● Problem
With the pictures left out, write out exactly the lines of the listing below that run from the line with "MINIATURE DE PARFUM 5 Trouy (18)" through the line with "El caldo de hueso,<br/> por Jeraige Reinoso".

● Given information

[Start of Attachment]

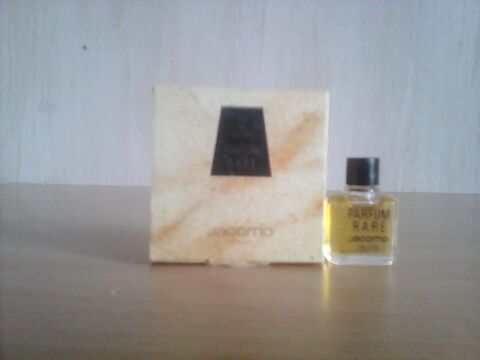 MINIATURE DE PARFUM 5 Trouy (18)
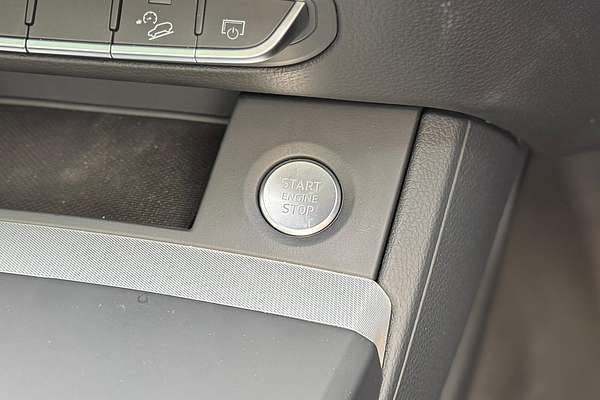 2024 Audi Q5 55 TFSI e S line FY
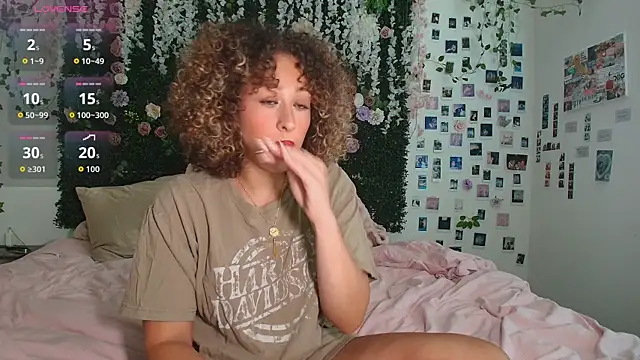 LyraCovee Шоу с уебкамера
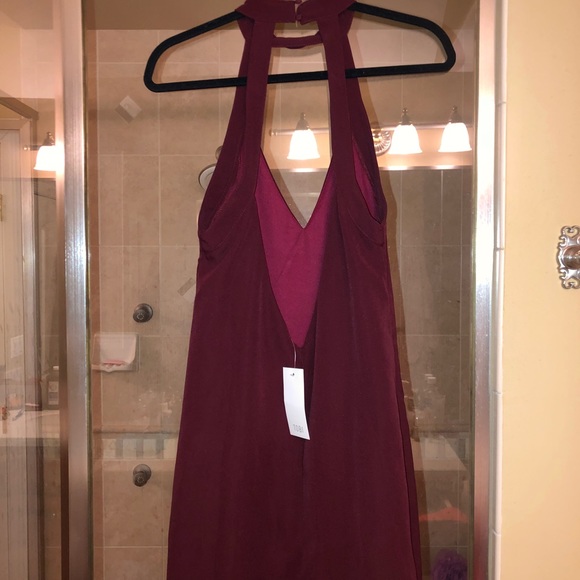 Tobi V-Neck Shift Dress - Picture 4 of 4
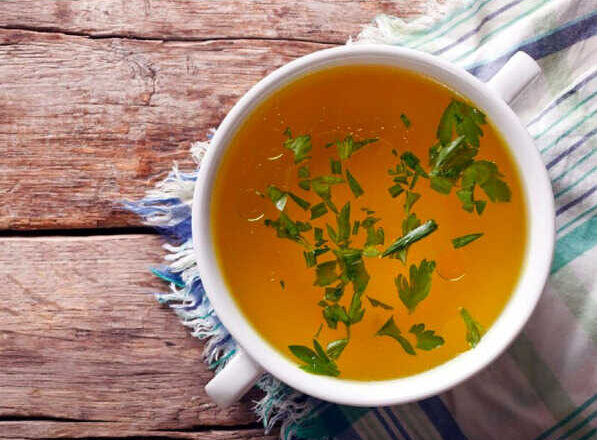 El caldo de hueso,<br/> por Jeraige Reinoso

[End of Attachment]
[Start of Attachment]

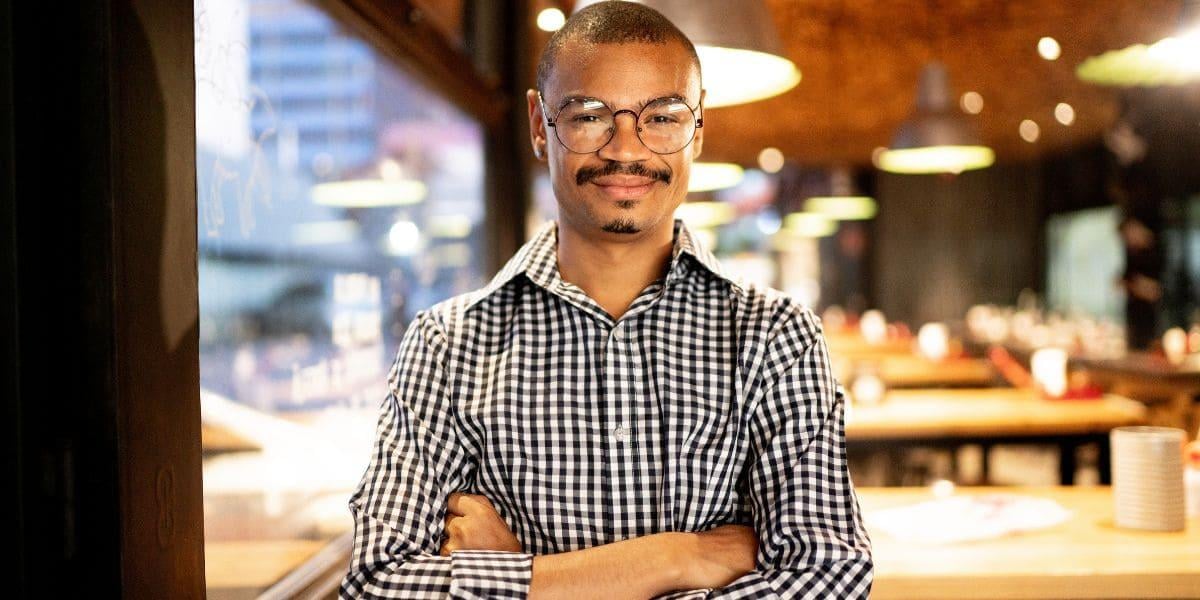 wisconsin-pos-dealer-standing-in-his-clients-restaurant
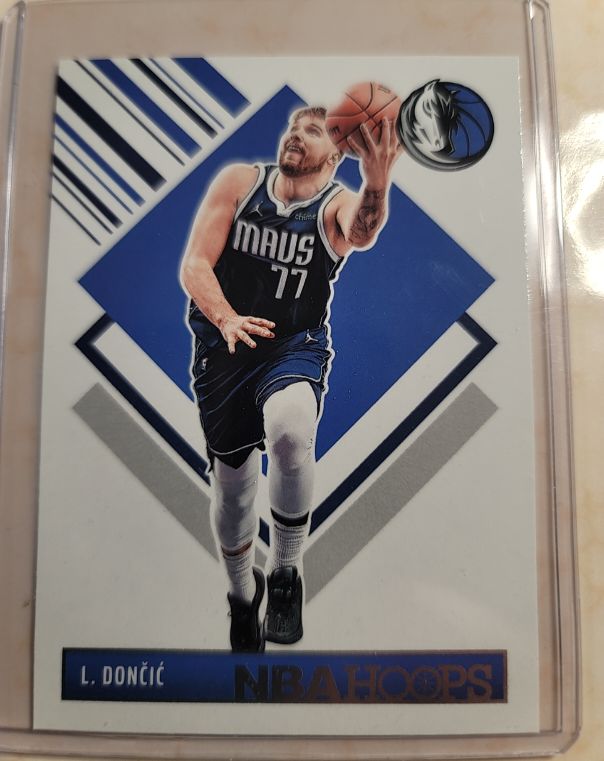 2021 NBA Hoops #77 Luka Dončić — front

[End of Attachment]

● Answer area
 MINIATURE DE PARFUM 5 Trouy (18)
 2024 Audi Q5 55 TFSI e S line FY
 LyraCovee Шоу с уебкамера
 Tobi V-Neck Shift Dress - Picture 4 of 4
 El caldo de hueso,<br/> por Jeraige Reinoso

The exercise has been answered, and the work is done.